- Requirement -
The data that follows must be transcribed in full and exactly, minus the pictures.

- Pictures with short captions -
# # #

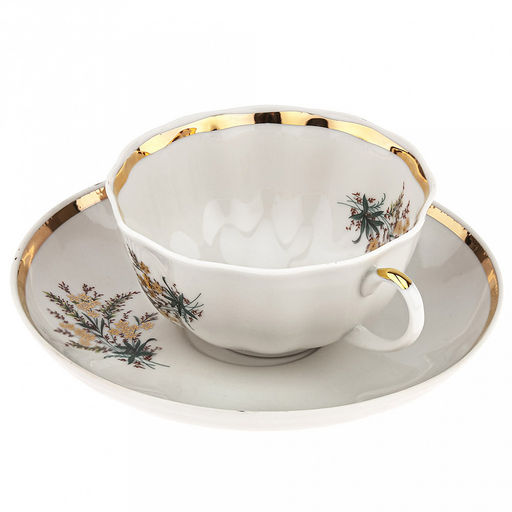 Чашка чайная фарфоровая Нина 220мл, д9,5см, h5см, форма Тюльпан, с блюдцем д15см, тонкостенный фарфор (Россия)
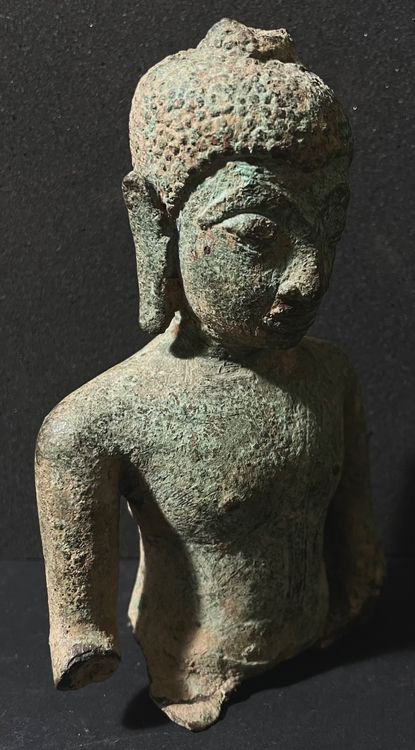 Antike Thai Buddha Bronze-Büste mit grüner Alterspatina | Kaufen auf ...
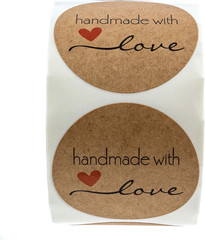 2″ round Natural Brown Kraft Handmade with Love Stickers/Roll of 500 Labels/Home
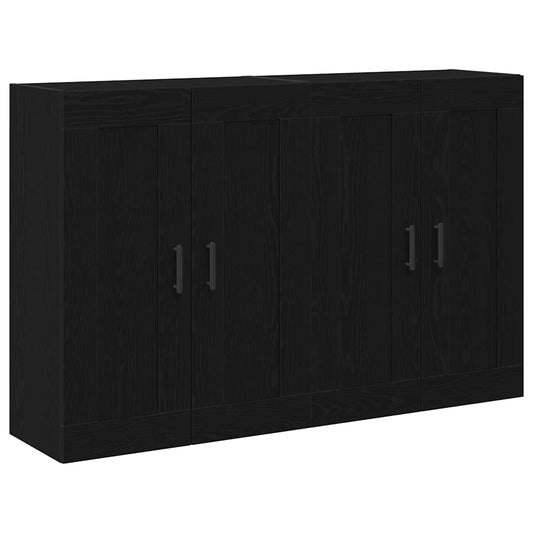 Wandmontierter Schrank 2 pcs Schwarze Eiche 160 x 34 x 90 cm
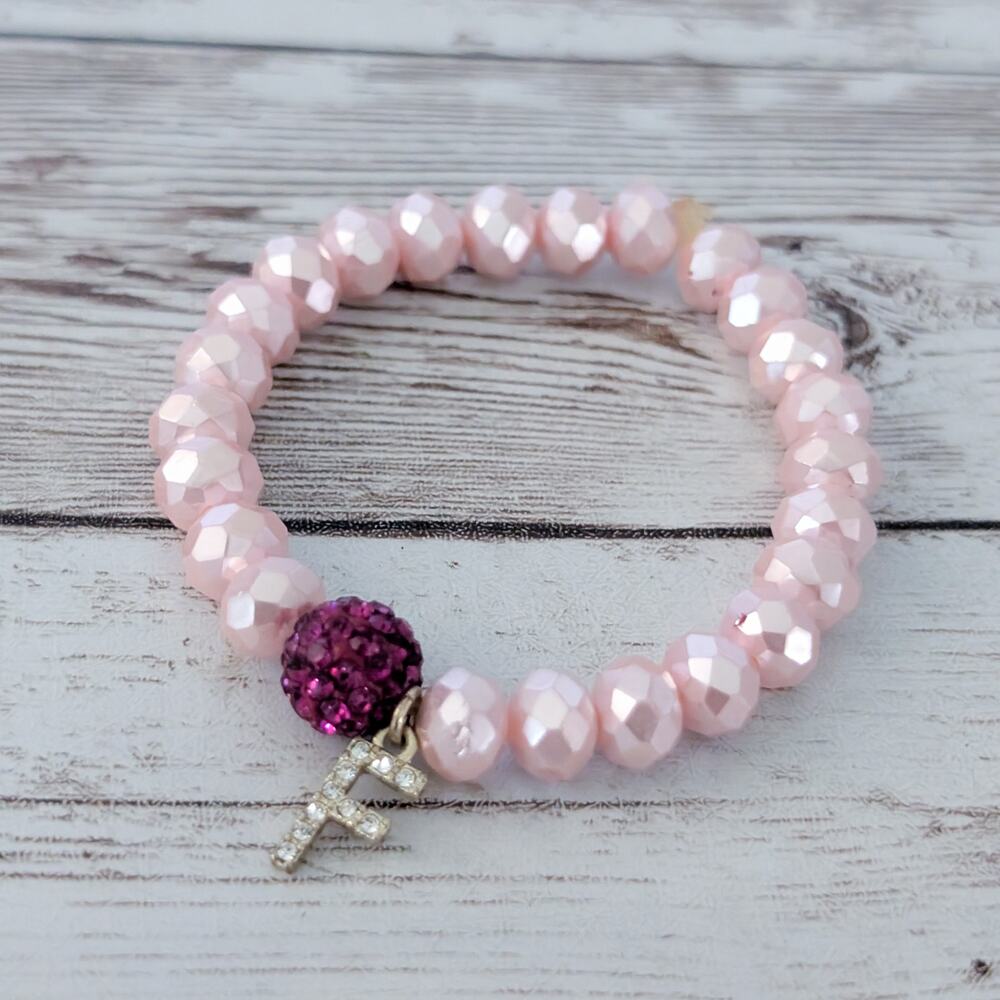 Shades of Pink Stretch Bracelet with F Initial Charm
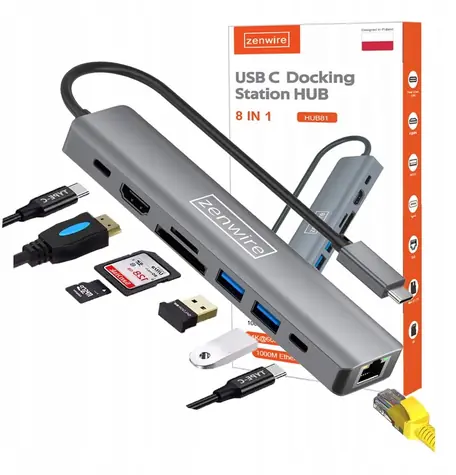 Zenwire USB-C Hub 8v1 pro MacBook Pro/Air M4 / USB-C hub / HDMI / Gigabit Ethernet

# # #

- Response below -
 Чашка чайная фарфоровая Нина 220мл, д9,5см, h5см, форма Тюльпан, с блюдцем д15см, тонкостенный фарфор (Россия)
 Antike Thai Buddha Bronze-Büste mit grüner Alterspatina | Kaufen auf ...
 2″ round Natural Brown Kraft Handmade with Love Stickers/Roll of 500 Labels/Home
 Wandmontierter Schrank 2 pcs Schwarze Eiche 160 x 34 x 90 cm
 Shades of Pink Stretch Bracelet with F Initial Charm
 Zenwire USB-C Hub 8v1 pro MacBook Pro/Air M4 / USB-C hub / HDMI / Gigabit Ethernet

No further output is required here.